A verdade é que partidos como MDB, União Brasil e PSD têm o coração partido, como diria Cazuza. Casamentos por conveniência sempre existiram no presidencialismo de coalizão, mas agora é mais complicado. Parte de seus integrantes gosta de Lula, mas outros se encantaram por Bolsonaro nos últimos anos. As ilusões estão perdidas, então?

Lula precisará tratar com muito carinho os deputados e senadores dessas legendas para que atendam seus desejos no Congresso. E não se trata apenas de conceder mais cargos ou fatias cada vez maiores do orçamento. Relacionamentos, para serem duradouros, demandam atenção, presença e, sobretudo, reciprocidade.

Entre Lula e os políticos da centro-direita que ele atraiu para sua base há muitas diferenças em suas visões de mundo. Discordam sobre o tamanho do Estado e sobre a autonomia do Banco Central. Há também desconfianças: no PL das fake news, parlamentares suspeitaram das segundas intenções dos petistas nos dispositivos propostos.

Para garantir paz e harmonia em sua vida, Lula terá que respeitar as opiniões de seus parceiros. Para complicar, eles são conservadores nos costumes, e liberais na economia - exatamente o contrário do que pensam os petistas. Essa incompatibilidade de gênios mantém a tensão em alta. E sempre que Lula se deixar levar pelas tentações ideológicas da esquerda, dormirá no sofá nas votações legislativas.

No passado, presidentes tentavam superar as crises matrimoniais em sua base recorrendo a relações extraconjungais com o Centrão. Nesse caso, não havia sentimentos envolvidos: o governo satisfazia suas necessidades pagando por isso. O próprio Lula, em seus mandatos anteriores, foi um cliente habitual, instituindo até mesmo um sistema de pagamentos regulares pelos votos recebidos.

Hoje em dia, o preço desses serviços anda inflacionado, com integrantes do Centrão cheios de pudores conservadores fazendo charme para ceder à corte feita pelo governo. Por outro lado, o caixa do Executivo já não permite muitas estripulias.

As desventuras do governo Lula em seu relacionamento com o Congresso na última semana, com o adiamento da votação do PL das fake news e a derrubada do decreto do saneamento, parecem ter decretado o fim da lua de mel e são um mau presságio para o restante de seu mandato.

Com pouco mais de 120 deputados, o PT e os partidos de esquerda elegeram a menor bancada na Câmara desde 1998. A opção de se aliar com MDB, PSD e União Brasil era o movimento natural para enfraquecer Arthur Lira e reduzir a dependência do Centrão. Esses partidos, porém, não são coesos como as legendas da esquerda, possuindo quadros antilulistas e parlamentares sem afinidade com as ideias do governo. Para complicar, o petista enfrenta oposição de bolsonaristas disposta a criar dificuldades a cada vacilo do governo.
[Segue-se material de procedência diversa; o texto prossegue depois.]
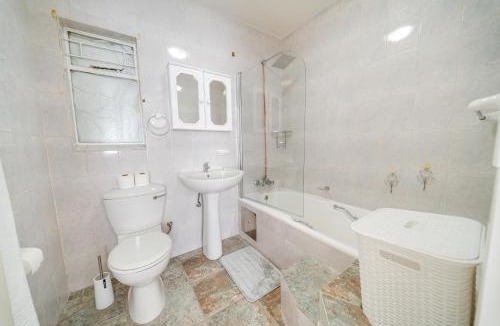 Secunda House | 3 Italeni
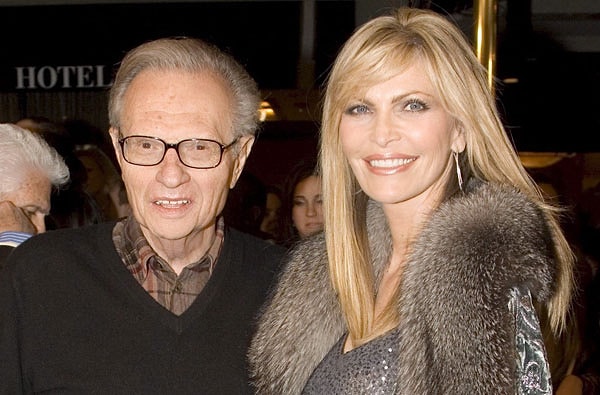 3. Ларри Кинг и Алин Акинс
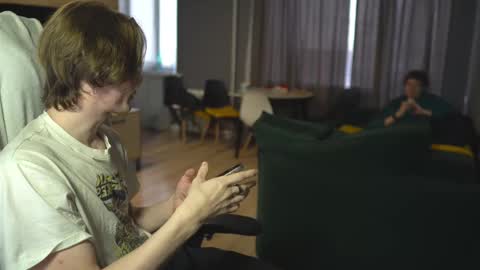 Snapshot of _sopranos_ chatting on 02-27-25, 12:13 OLIVERpvt is open online show from 02-27-25, 12:13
Assim, sempre que Lula insistir em colocar em pauta projetos intervencionistas ou que incomodem as bancadas conservadoras, receberá votos contrários na própria base, muito fragmentada. Para aumentar a margem de segurança, o governo precisa buscar votos no Centrão de Lira; esses apoios, contudo, quando pagos no varejo e não no atacado, custam mais caro.

Na nova configuração do presidencialismo de coalizão, o Congresso se empoderou e ficou difícil para o Executivo exigir fidelidade em todas as votações relevantes. Na política, em que a monogamia nunca foi a regra, vivemos a época do poliamor...

*Bruno Carazza é mestre em economia e doutor em direito, é autor de “Dinheiro, Eleições e Poder: as engrenagens do sistema político brasileiro” (Companhia das Letras)”.